Haus aus Strohballen
Auf der anderen Seite des Dorfplatzes entsteht gerade ein neues Gebäude für Gäste. Leichte Reggaeklänge strömen uns entgegen. "Das sind unsere Reggeabauarbeiter", lacht Duhme und grüßt zwei junge Männer mit langen Dreadlocks. Die Bauarbeiter errichten ein neues Strohballenhaus. Es ist aufgebaut wie ein Fachwerkhaus, aber die Zwischenräume im Holzständerwerk werden nicht mit Ziegeln ausgefüllt, sondern mit gepresstem Stroh. Zugegeben, ich habe das noch nie gesehen, aber an den fertigen, mit Lehm und zum Teil Kalk verputzten Häusern wäre es mir kaum aufgefallen.

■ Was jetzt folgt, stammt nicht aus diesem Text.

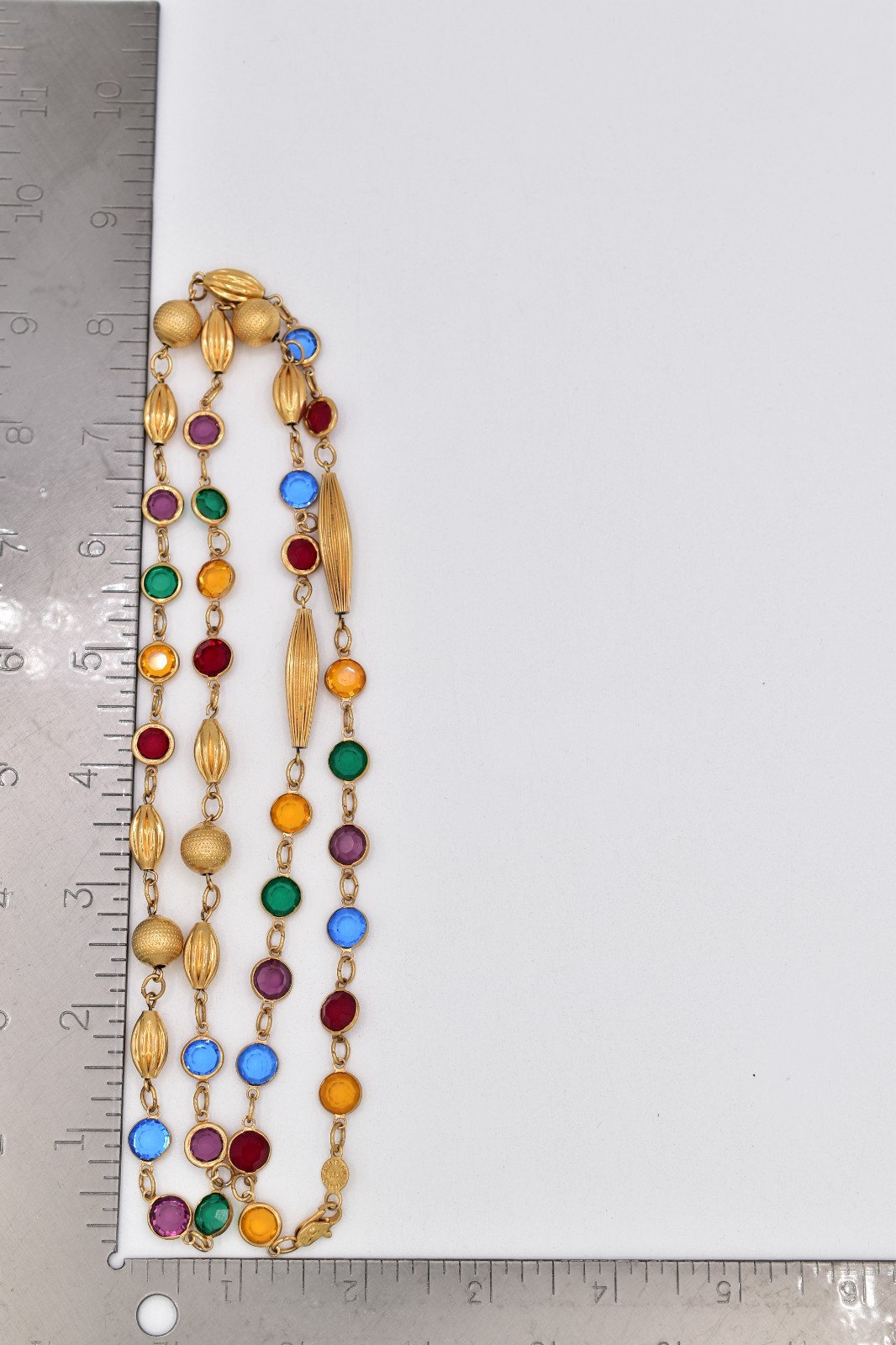 Vintage Austrian Crystal USA Necklace Gold Multicolor Open Bezel Station BinG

"Stroh ist ein sehr nachhaltiger Baustoff, wir können es quasi vom Nachbarn holen. Unser Ziel ist es, möglichst viele ökologische Produkte zu benutzen, damit man die Häuser im Idealfall in 100 Jahren wieder abreißen und liegen lassen kann, weil es die Umwelt nicht belastet", erzählt Jonas Duhme begeistert. Alle neuen Häuser im Dorf werden in der Strohballenbauweise errichtet. So auch das Meditationshaus. Es riecht etwas erdig, die durch den Lehm in sanften Formen verputzten Wände strahlen Wärme aus. Ich kann mir gut vorstellen, in so einem Haus sehr friedlich zu schlafen.

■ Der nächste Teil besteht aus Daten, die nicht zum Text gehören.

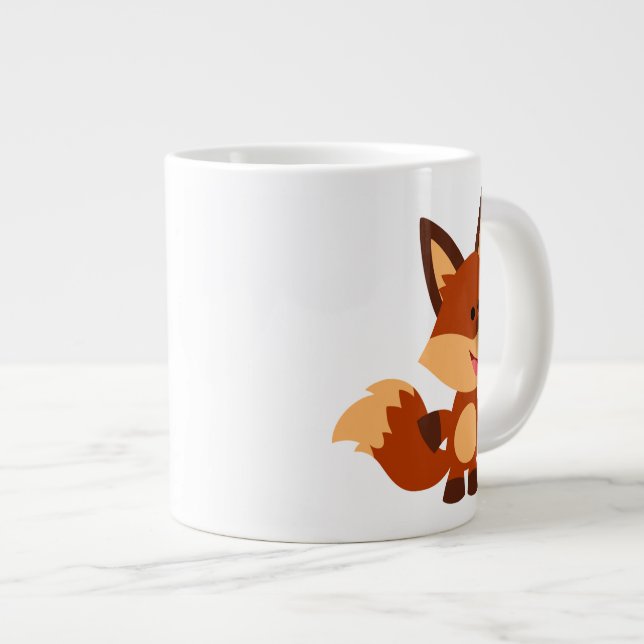 Niedlich Innocent Cartoon Fox Jumbo Tasse (Vorderseite Rechts)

Miteinander reden und gemeinsame Lösungen finden
Trotz der Ruhe, die das Ökodorf ausstrahlt, kommt es auch hier zu Auseinandersetzungen. "Als ich hierhergekommen bin, dachte ich, ich habe endlich einen Ort gefunden, an dem alle gleich denken. Jetzt habe ich gelernt, dass zwar das Ziel sehr ähnlich ist, der Weg dahin aber sehr unterschiedlich aussehen kann", beschreibt Duhme das Gemeinschaftsleben. Doch die Dorfgemeinschaft habe gelernt, miteinander zu reden, unterschiedliche Ansichten zu tolerieren und gemeinsam Lösungen zu finden.

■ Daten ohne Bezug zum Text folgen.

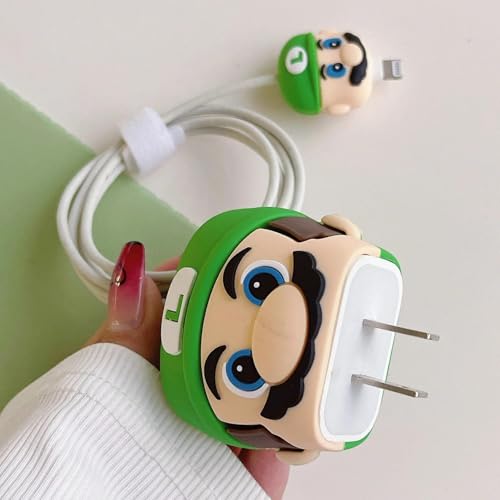Image of INEFABLE Charger Case Cover Protector with 3D Cute Pattern for iPhone Charger only 18W & 20W, Data Charging Cable Wire Saver Protective Cable Cover Full Protection - Set of 1 (Green Mario)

"Am Anfang waren wir der Meinung, dass wir Entscheidungen nur im Konsens treffen können. Das streben wir immer noch an, aber heute reicht uns eine zwei drittel Mehrheit aus, um etwas umzusetzen", fügt Stützel hinzu. Das Konzept scheint aufzugehen. Auf meinem Weg durchs Dorf wirken die meisten Bewohner sehr ausgeglichen. Beim Verlassen des Dorfes fühle ich in meiner ersten Wahrnehmung bestätigt: Hier ist die Welt etwas besser als in den großen Städten.